Problem.
The whole listing below needs to be retyped without a single change.

Supplied information.
»»
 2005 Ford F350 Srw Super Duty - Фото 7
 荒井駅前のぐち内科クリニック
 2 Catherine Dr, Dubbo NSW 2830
««
The completed task.
 2005 Ford F350 Srw Super Duty - Фото 7
 荒井駅前のぐち内科クリニック
 2 Catherine Dr, Dubbo NSW 2830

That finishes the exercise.